His goal was to become a principal, he decided how ever that he really loved to teach the children rather then to be an administrator and even though he earned his master’s degree in elementary... in administration. He stayed in the class room and taught fifth and sixth grade at Monroe and the Granger and the Twin Peaks Elementary Schools in Granite School District for thirty years. I’m curious, are any of his students here? I see a few, I’m sure that more would have been here had they known. He was a great teacher wasn’t he? And um, Gaye and Lark were born before he graduated, and Denise and Corinne and Wesley were born before he finished his master’s degree. I can also recall that Dee was a great supporter of his wife, and when Jonathan was born Camilla was a full time doctoral candidate, so he took care of Jonathan, he was the nurse maid for Jonathan. And that I think established a bond between the two of them that was really quite beautiful. But I can recall that Camilla also supported him in his studies. One morning I think it was about 2... 2:30 AM our phone rang, and it was Camilla and she said, “Dee’s having a real hard time with his algebra. And could you help us with one of these quadratic equations that I can’t, we can’t seem to solve.” And I said, “Well fine put Dee on and I’ll help him.” And she said, “Well no, you help me and then I’ll tell him.” And I said, “Well, wait a minute, where’s Dee?” “Well he’s in bed. He has an English test this morning and he stayed up until nearly midnight studying for that English test, and I sent him to bed, and I’m doing his homework. Please help me with this problem.” So over the telephone at 2:30 AM we solved that quadratic equation and eventually she got to bed.
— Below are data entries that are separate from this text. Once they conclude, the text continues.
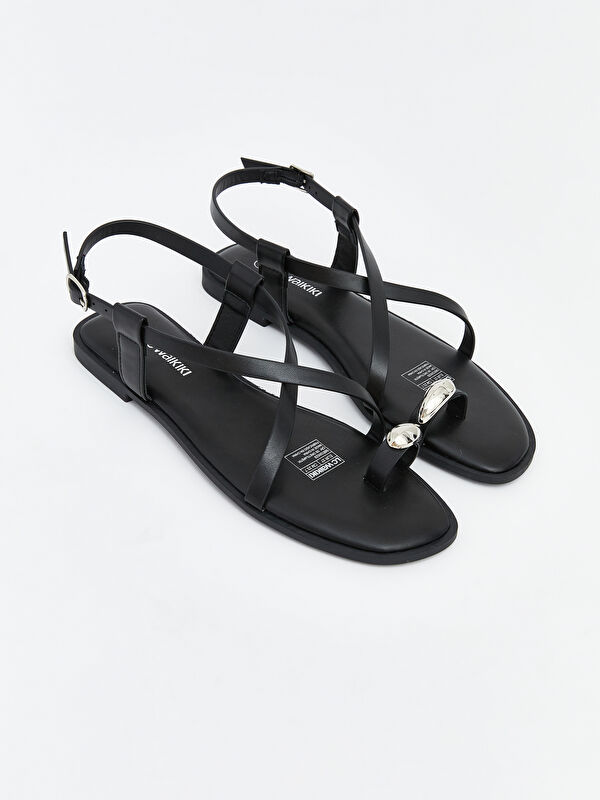 LCW STEPS Damen-Sandalen mit überkreuzten Riemen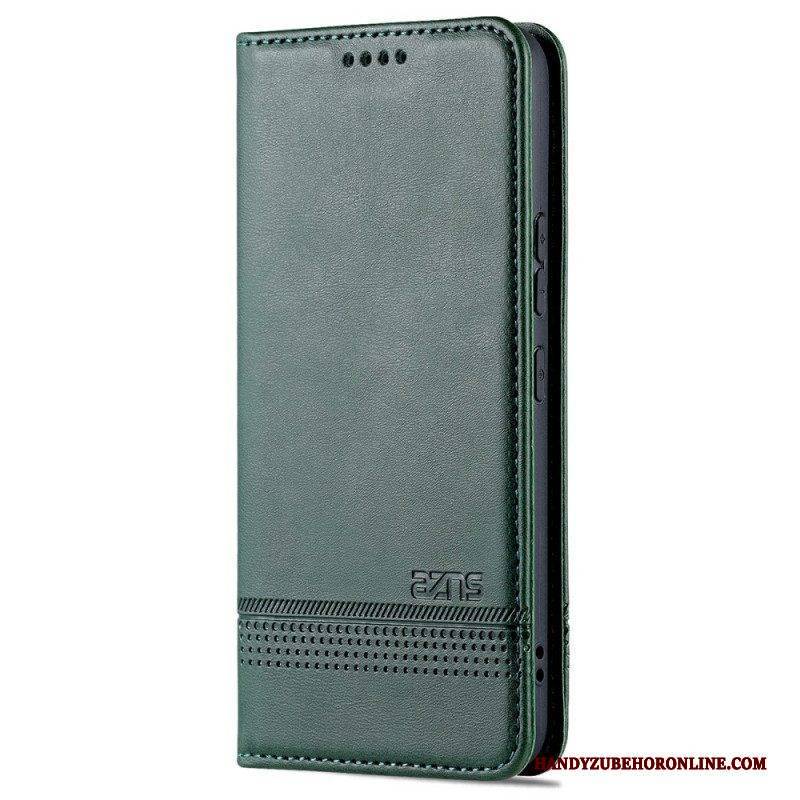 Schutzhülle Für Samsung Galaxy S22 5G Flip Case Azns Leder-styling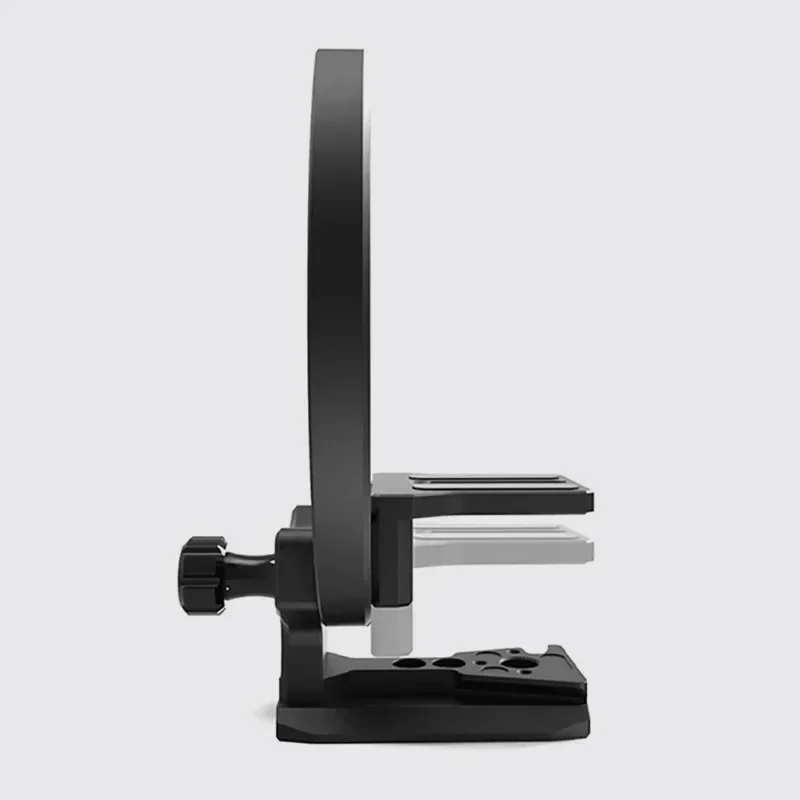 New DSLR Camera Lens Support Bracket Semi-circular Ring Horizontal Vertical Quick Switch Mount for Canon Nikon Tripod Stabilizer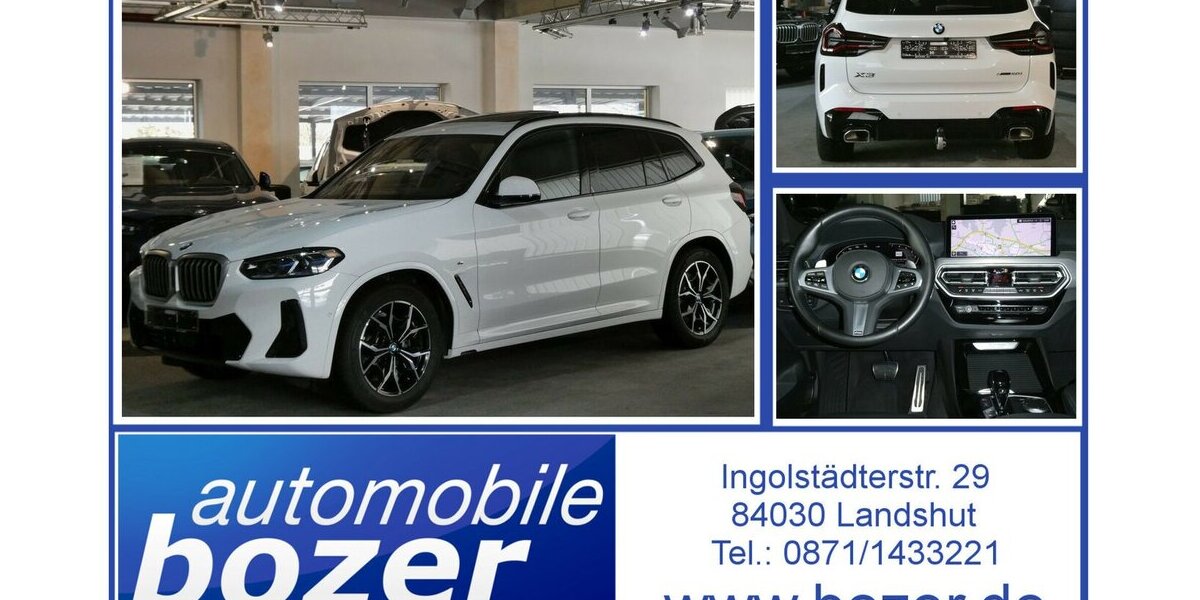 BMW X3 xDr20i MSport AHK,SSD,Laser,HUD,Echtleder 21.282 km 47.990 &euro; Landshut 84030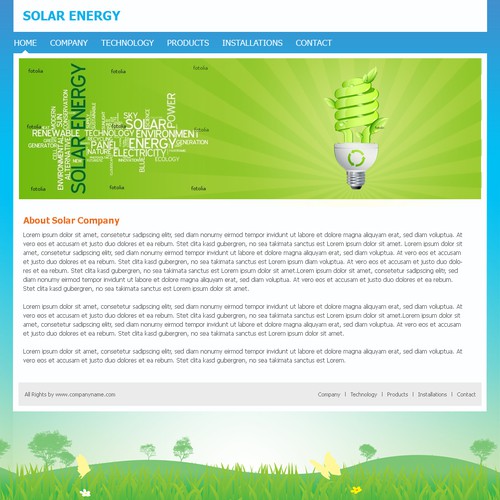 1-3 Page Website Template Design von DotDesign.in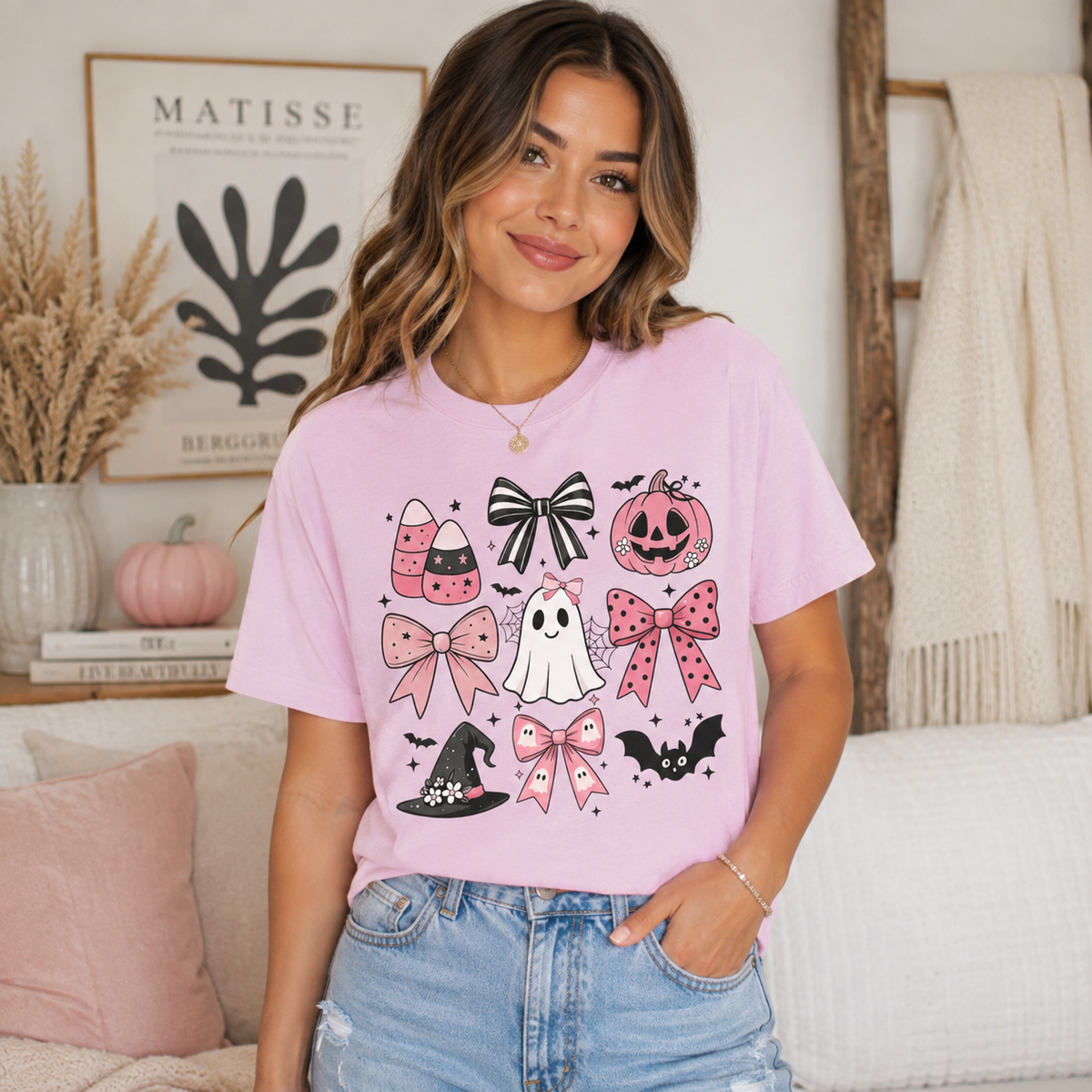 Comfort Colors Halloween Shirt Halloween Spooky Shirt Fall Shirt Pink Girly Bows Halloween Tee Cute Ghost Shirt Halloween Gift 54fb6c8c-6444-4336-953b-2577ec60825b-banner-1.png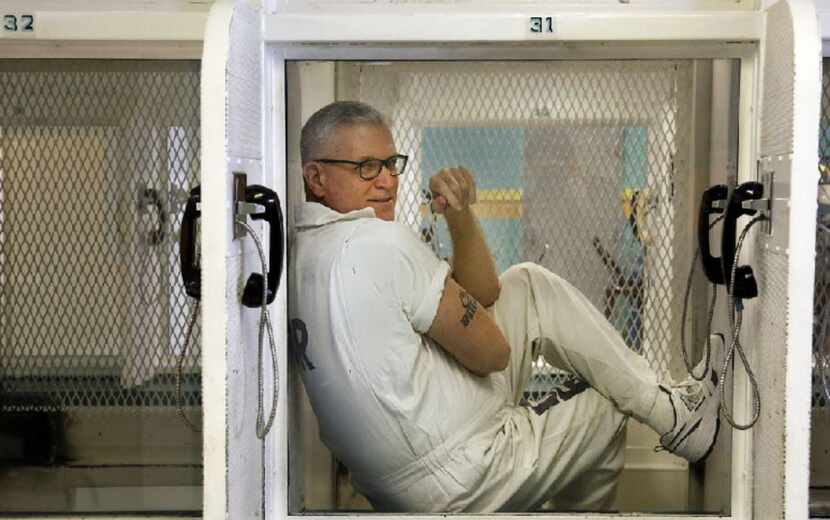 Death row inmate John Battaglia during a prison interview at the Polunsky Unit in West...
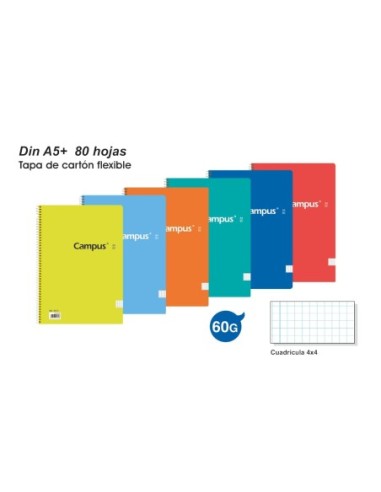 CUADERNO 4ºT.NORMAL 80H.CDLA.4x4 001143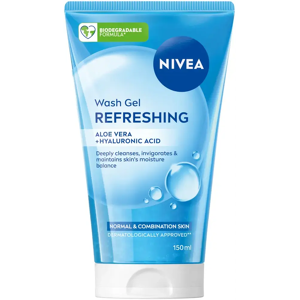 NIVEA 150ml Päivittäiset Perusasiat Raikastava Puhdistusgeeli - Kasvopesugeeli NIVEA 150ml Päivittäiset Perusasiat Raikastava Puhdistusgeeli - Kasvopesugeeli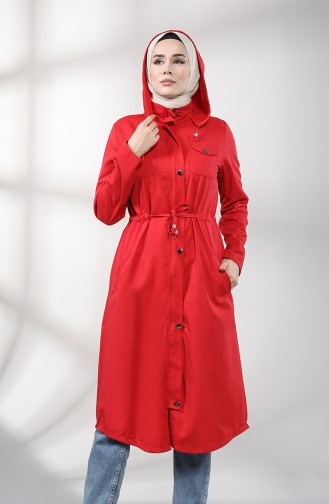 Red Trench Coats Models 1259-05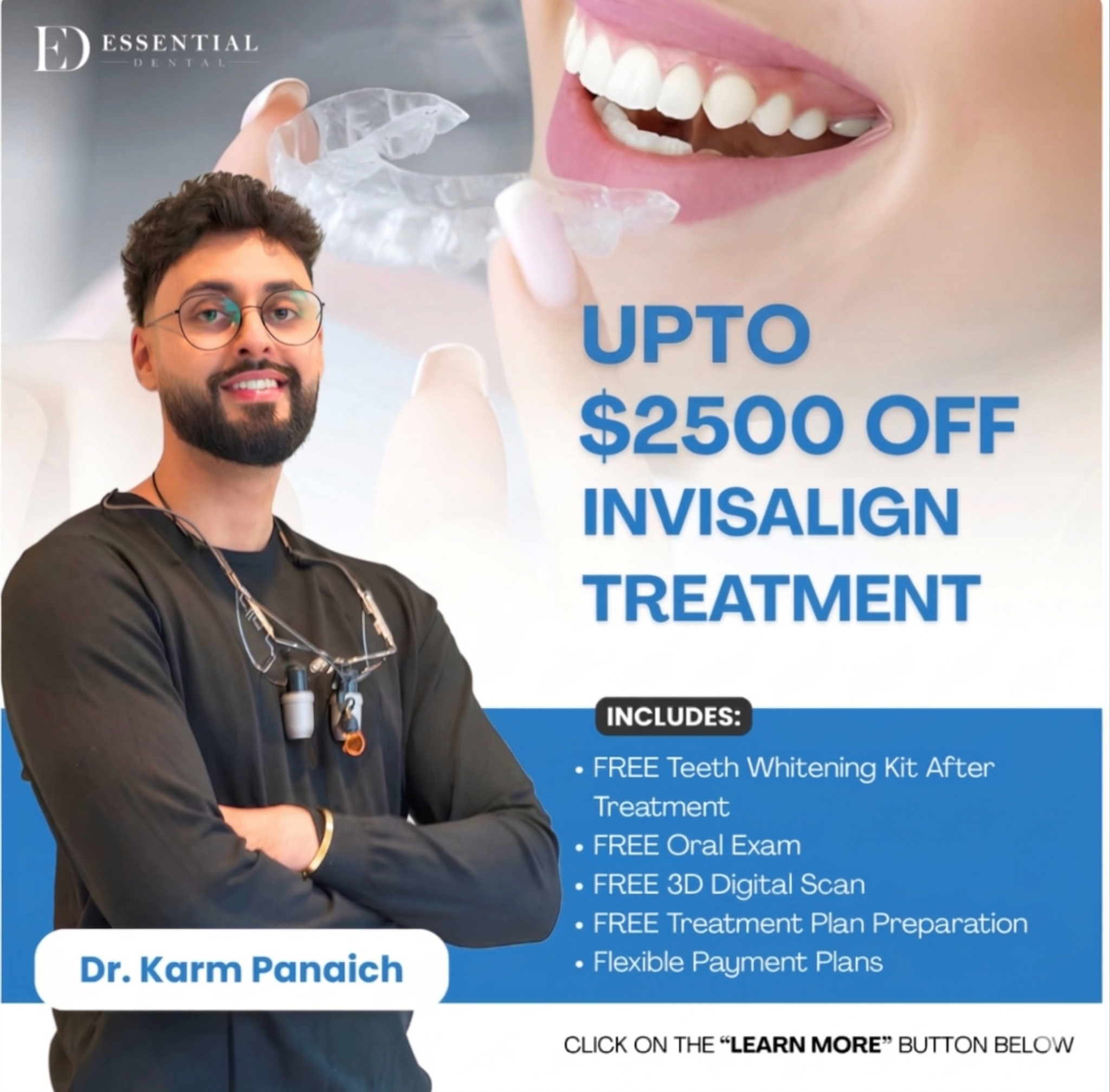 Essential Dental Group Facebook ad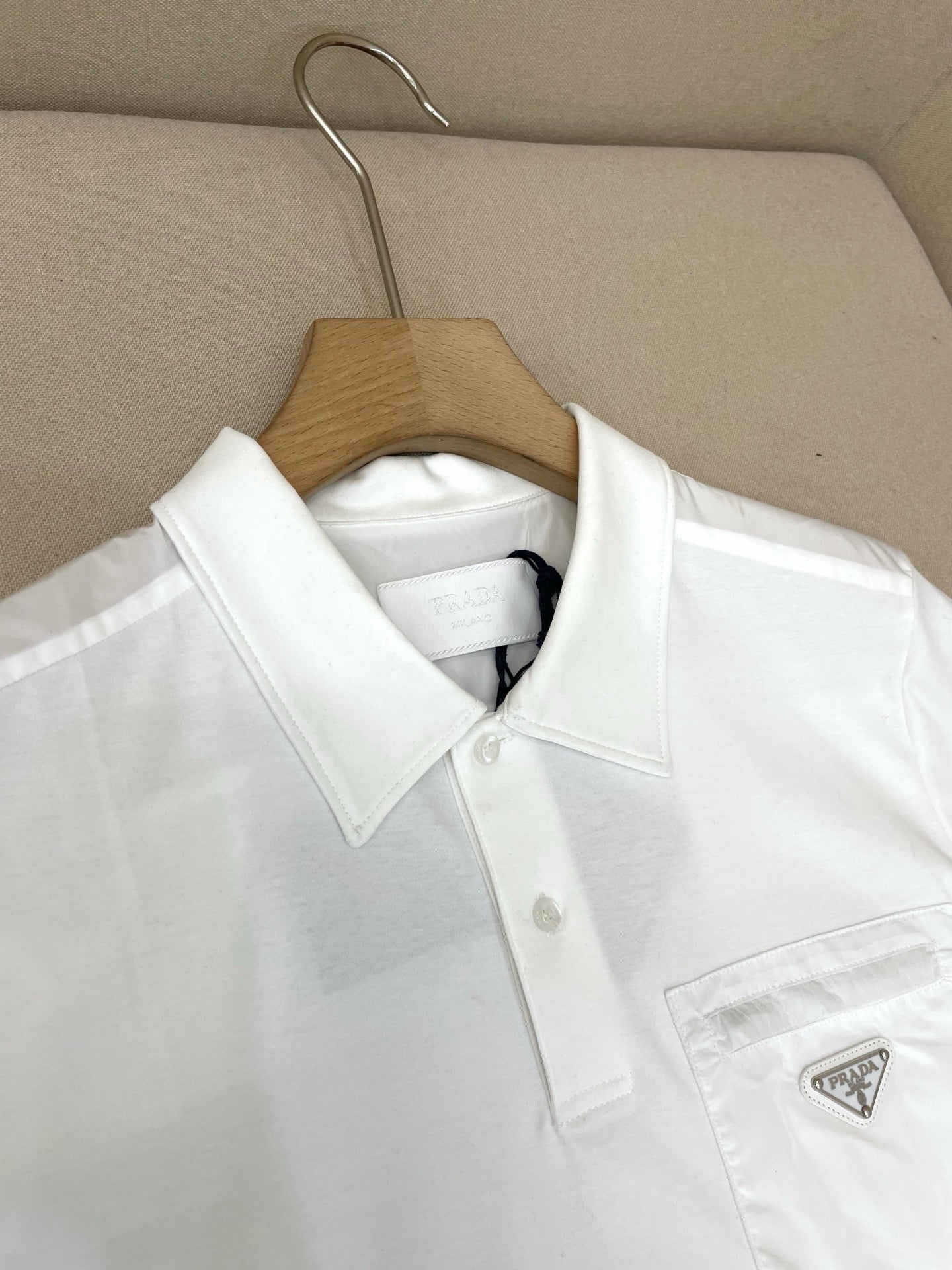 Black and White Polo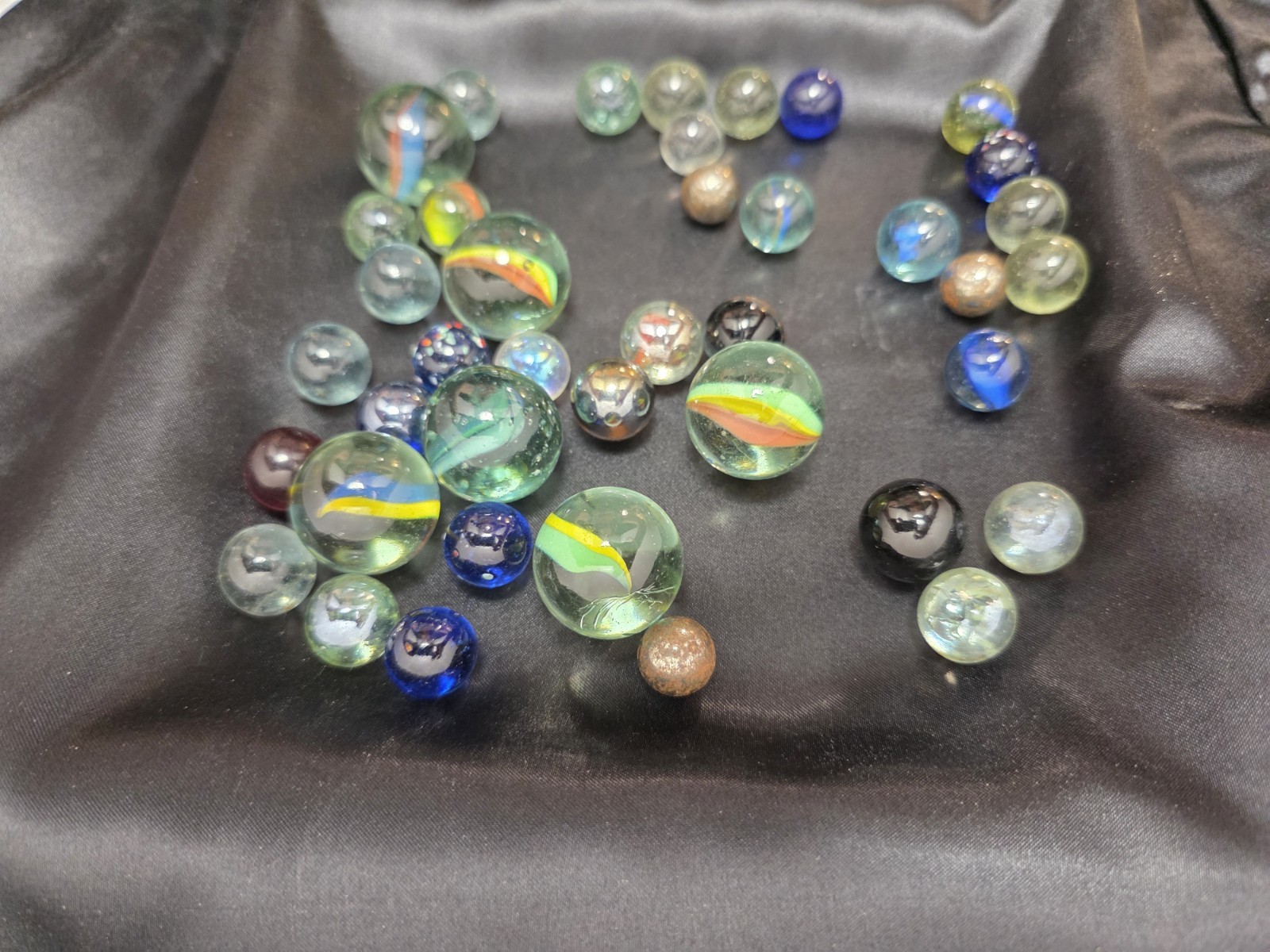 Vintage marbles mixed makers Lot 7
I guess the most famous automobile they owned was a Volkswagen bus before that they had a Volkswagen bug which was “Little Willy” and the bus was.... “Big Bill.” (Laugh) And they drove... they ran three engines out of that bus. They loved to travel and did a lot of it, they would take their tent because they were too poor to stay in motels, and they’d drive far into the night. And then Dee and the older children would have to put up the tent in the dark. Now that wasn’t the first car they had however, and Camilla and I have been trying to remember the name.... What?... “Mesozoic Diplodocus” was the name of the first one, and let me tell you about that 1929 Essex, which was there first car. Now while I was counseling at the University of Utah I was also a graduate student so I was driving an 1929 Dodge. And Dee figured if I could drive a 1929 Dodge he could drive a 1929 Essex. What he didn’t know is that the Dodge is a much better car than the Essex. And it wasn’t very long before the Essex was just a pile of, well... no I won’t say it. (Laugh). But it really laid a smoke screen and so I said to Dee, “Listen, we need to overhaul that engine, we need to put some rings in it, grind the valves so it won’t burn so much oil and run better.” It was a coupe wasn’t it? It was a sedan? a two door sedan? Four door sedan, I’d forgotten I thought it was a coupe. But we got [under] the shade tree at his place and over hauled that Essex and I still bear the scare here where one of the scrapping knives I was using to scrape carbon off of the pistons slipped, and cut me and I tattooed myself so I’ve had a close reminder of my friendship with Dee all these years of my life.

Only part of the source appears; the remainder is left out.